** What to work on **
Retype word for word the lines of the data below, from the first to the one bearing "Szlafrok welurowy Lexington", with that one included.

** Input data **
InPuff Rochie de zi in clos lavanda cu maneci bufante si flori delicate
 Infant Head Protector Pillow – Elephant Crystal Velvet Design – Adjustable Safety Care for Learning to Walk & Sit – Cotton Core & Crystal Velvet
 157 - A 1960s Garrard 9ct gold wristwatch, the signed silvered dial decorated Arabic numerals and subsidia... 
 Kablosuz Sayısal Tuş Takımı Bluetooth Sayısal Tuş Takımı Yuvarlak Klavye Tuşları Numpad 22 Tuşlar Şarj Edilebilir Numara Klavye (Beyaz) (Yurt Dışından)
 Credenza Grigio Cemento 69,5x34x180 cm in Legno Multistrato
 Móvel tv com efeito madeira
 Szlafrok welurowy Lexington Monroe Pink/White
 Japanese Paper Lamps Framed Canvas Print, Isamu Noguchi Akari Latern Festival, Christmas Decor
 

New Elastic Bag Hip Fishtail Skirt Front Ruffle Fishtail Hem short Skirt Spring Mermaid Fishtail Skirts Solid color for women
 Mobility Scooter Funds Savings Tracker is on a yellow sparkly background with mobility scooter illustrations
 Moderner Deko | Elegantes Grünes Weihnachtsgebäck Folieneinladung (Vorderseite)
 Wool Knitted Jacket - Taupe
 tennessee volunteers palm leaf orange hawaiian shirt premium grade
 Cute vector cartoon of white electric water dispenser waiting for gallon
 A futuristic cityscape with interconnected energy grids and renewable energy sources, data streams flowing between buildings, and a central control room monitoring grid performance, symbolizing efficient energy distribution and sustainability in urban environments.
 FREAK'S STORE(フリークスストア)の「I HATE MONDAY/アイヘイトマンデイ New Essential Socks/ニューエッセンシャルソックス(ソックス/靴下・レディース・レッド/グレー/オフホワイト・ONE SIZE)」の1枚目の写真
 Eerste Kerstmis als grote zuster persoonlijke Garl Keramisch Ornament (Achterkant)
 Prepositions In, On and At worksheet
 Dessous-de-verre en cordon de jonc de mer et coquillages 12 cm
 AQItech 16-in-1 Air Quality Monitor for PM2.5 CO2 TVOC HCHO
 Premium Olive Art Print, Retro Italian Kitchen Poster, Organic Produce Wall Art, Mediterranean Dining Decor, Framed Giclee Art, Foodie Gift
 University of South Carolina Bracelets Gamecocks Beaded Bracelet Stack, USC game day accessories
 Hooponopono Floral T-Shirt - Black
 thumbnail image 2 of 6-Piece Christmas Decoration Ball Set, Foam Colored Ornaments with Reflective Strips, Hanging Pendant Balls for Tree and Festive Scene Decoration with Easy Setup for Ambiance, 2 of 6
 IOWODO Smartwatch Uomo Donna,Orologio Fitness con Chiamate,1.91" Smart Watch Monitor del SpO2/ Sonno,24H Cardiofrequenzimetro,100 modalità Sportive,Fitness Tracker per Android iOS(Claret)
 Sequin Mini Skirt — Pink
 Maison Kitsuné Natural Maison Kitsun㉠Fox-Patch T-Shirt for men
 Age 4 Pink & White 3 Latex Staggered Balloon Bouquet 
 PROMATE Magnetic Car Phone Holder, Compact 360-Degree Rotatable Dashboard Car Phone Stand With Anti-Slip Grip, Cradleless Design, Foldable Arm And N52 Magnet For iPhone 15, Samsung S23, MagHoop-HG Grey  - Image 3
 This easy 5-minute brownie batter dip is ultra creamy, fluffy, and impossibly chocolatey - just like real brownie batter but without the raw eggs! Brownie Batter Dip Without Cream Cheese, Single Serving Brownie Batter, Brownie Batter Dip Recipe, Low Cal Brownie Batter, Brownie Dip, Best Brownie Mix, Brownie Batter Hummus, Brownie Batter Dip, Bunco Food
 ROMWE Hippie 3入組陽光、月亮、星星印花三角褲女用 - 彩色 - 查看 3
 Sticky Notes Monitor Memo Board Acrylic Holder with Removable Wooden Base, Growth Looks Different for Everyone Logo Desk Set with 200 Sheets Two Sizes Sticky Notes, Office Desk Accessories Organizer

** Finished task **
InPuff Rochie de zi in clos lavanda cu maneci bufante si flori delicate
 Infant Head Protector Pillow – Elephant Crystal Velvet Design – Adjustable Safety Care for Learning to Walk & Sit – Cotton Core & Crystal Velvet
 157 - A 1960s Garrard 9ct gold wristwatch, the signed silvered dial decorated Arabic numerals and subsidia... 
 Kablosuz Sayısal Tuş Takımı Bluetooth Sayısal Tuş Takımı Yuvarlak Klavye Tuşları Numpad 22 Tuşlar Şarj Edilebilir Numara Klavye (Beyaz) (Yurt Dışından)
 Credenza Grigio Cemento 69,5x34x180 cm in Legno Multistrato
 Móvel tv com efeito madeira
 Szlafrok welurowy Lexington Monroe Pink/White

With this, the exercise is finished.